Once you find the line with "人人通安卓免费版 V6.8.8" in the data that follows, repeat it and every line after it exactly, through the line with "Chinese Classical Dance".

• **LISTED RECORDS**
+---+

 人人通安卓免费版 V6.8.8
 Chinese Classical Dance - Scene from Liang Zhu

+---+

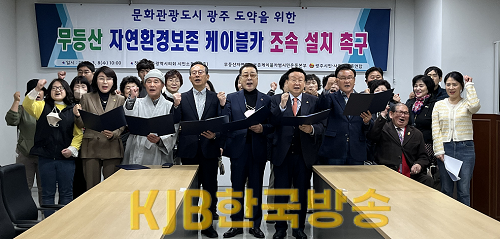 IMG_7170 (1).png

+---+

• **RESPONSE**
 人人通安卓免费版 V6.8.8
 Chinese Classical Dance - Scene from Liang Zhu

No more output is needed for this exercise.